Osmanlı Devletinin önce ateşkes, sonra barış isteği Ruslarca kabul edildi ve
Ayestafonos ( Yeşilköy) Antlaşması imza edildi iki taraf arasında. Bu antlaşma
Osmanlı Devletinin imzaladığı en şartları ağır antlaşmalardan birisiydi. Ancak
bu antlaşmadan sonradır ki İngiltere, Fransa, Almanya, Avusturya- Macaristan Devletleri
uyandı çünkü Avrupa’daki tüm dengeler Rusya lehine değişiyordu bu antlaşma ile.
Berlin’de toplanarak yeni bir Antlaşma yaptılar. Aslında Berlin Antlaşması da
Ayestefanos’tan çok farklı değildi. Zaten farklı olsun diye de yapılmamıştı.
Sadece Rusya’ya ‘’ Fazla ileri gitme ! İhtiraslarına gem vur! Biz burada bostan
korkuluğu değiliz’’ Mesajı verilmek istenmişti.
Berlin Antlaşması ile ( 13 Temmuz 1878 ):
1-Sırbistan,
Romanya ve Karadağ bağımsız oldu.
2-Bosna-Hersek’in yönetimi geçici bir süreliğine de olsa Avusturya’ya verildi.

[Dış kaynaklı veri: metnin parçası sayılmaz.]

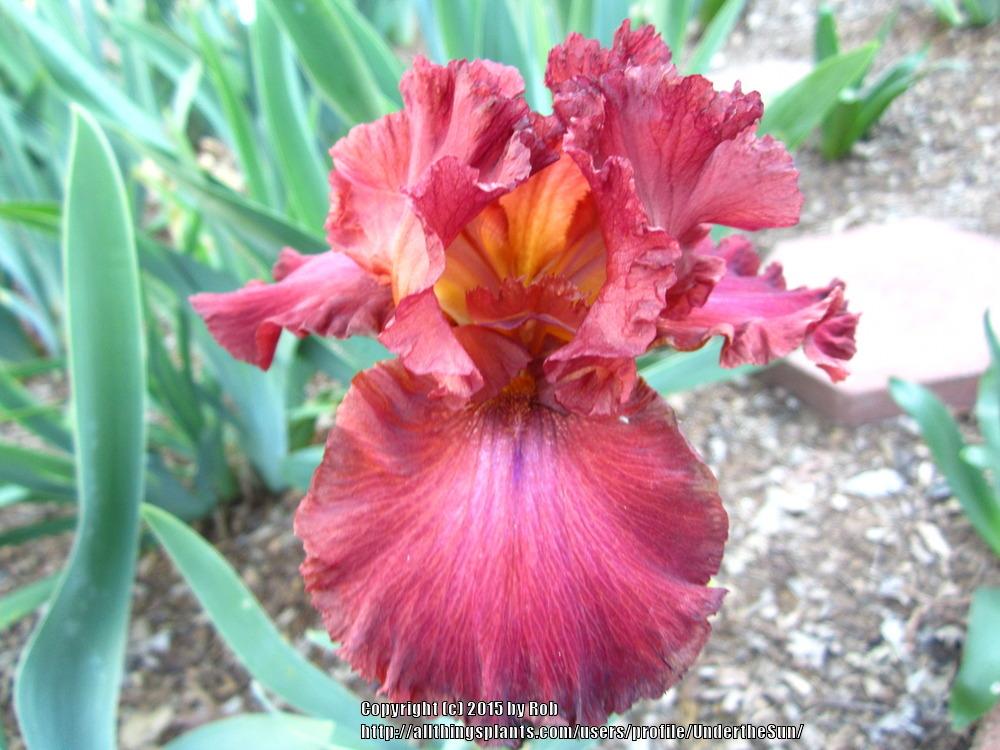 Photo of Tall Bearded Iris (Iris 'Tiff') uploaded by UndertheSun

3-Bulgaristan sınırları küçültüldü ve üç bölgeye ayrıldı. Asıl Bulgaristan olan
bölge, Osmanlı devletine vergi vermek zorunda olan özerk bir prenslik haline
getirildi. Doğu Rumeli Osmanlı’ya bağlı bir yönetim haline getirildi; ancak
Hristiyan bir vali atamak koşuluyla. ( Eski HDP Diyarbakır Belediye Başkanı
Osman baydemir’in ‘’ Diyarbakır’da hem Kürdistan bayrağı, Hem Türkiye Bayrağı
dalgalansa ne güzel olur.’’ Sözü bize aslında 1878- Bulgaristan örneğini
hatırlatmalıdır ama Tarihi okuyup ondan ders çıkaran nerdeeee.)

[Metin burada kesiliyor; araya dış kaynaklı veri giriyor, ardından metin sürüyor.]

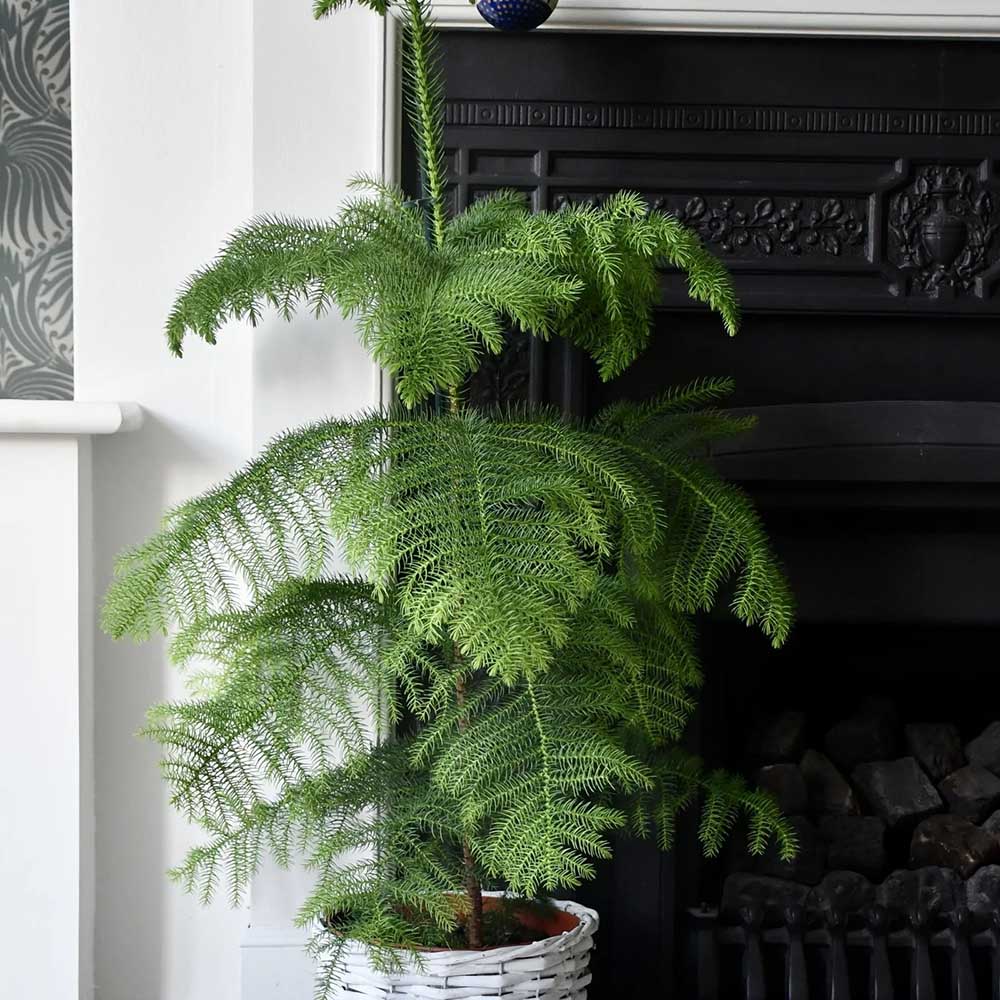 Brad de Camera (Araucaria Heterophylla) - 90 cm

3-Makedonya da ıslahat yapmak şartı ile Osmanlı devletine bırakıldı.
4-Kars, Ardahan, Batum Rusya devletine bırakıldı. Doğubeyazıt, Osmanlı
devletine bırakıldı.
5-Teselya’nın Yunanistan’a ait olduğu kabul edildi.
6-Kosova, Osmanlı Devletinde kaldı.
7-Osmanlı Devleti Rusya’ya iki katı tazminat ödemeyi kabul etti. Rusya’ya
ödemesi gereken tazminat taksite bağlanmıştır. ( Bu taksit işini ve tazminatın
biraz indirilmesini az sonra göreceğiniz gibi İngiltere sağladı. Tabii ki
karşılıksız olarak değil.)
8-Osmanlı Devleti Doğu Anadolu’da ve Girit’te ıslahat yapılmasını kabul etti.

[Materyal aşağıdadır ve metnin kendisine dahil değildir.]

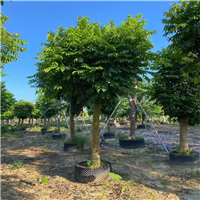 光杆仁面子15分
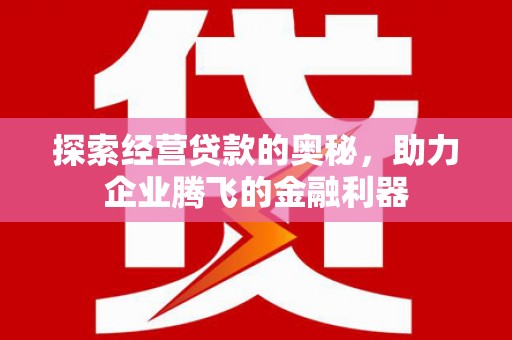 囊谦探索经营贷款的奥秘，助力企业腾飞的金融利器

Bu antlaşma ile Osmanlı Devleti çok büyük toprak kaybına uğradığı gibi çok
önemlicbaşka sonuçları da olmuştur. Bunları maddeler halinde yazacak olursak:
1- 19 Mart 1877 de Padişah II. Abdülhamit’in de katıldığı bir törenle açılan
Osmanlı parlamentosu( Meclis-i Mebusan ) 13 Şubat 1878 de yani henüz 93 Harbi
devam ederken yine II. Abdülhamit tarafından – Kanun-u Esasînin kendisine
verdiği yetkiye dayanarak- kapatılmış, Kanun-u Esasî rafa kaldırılmıştır.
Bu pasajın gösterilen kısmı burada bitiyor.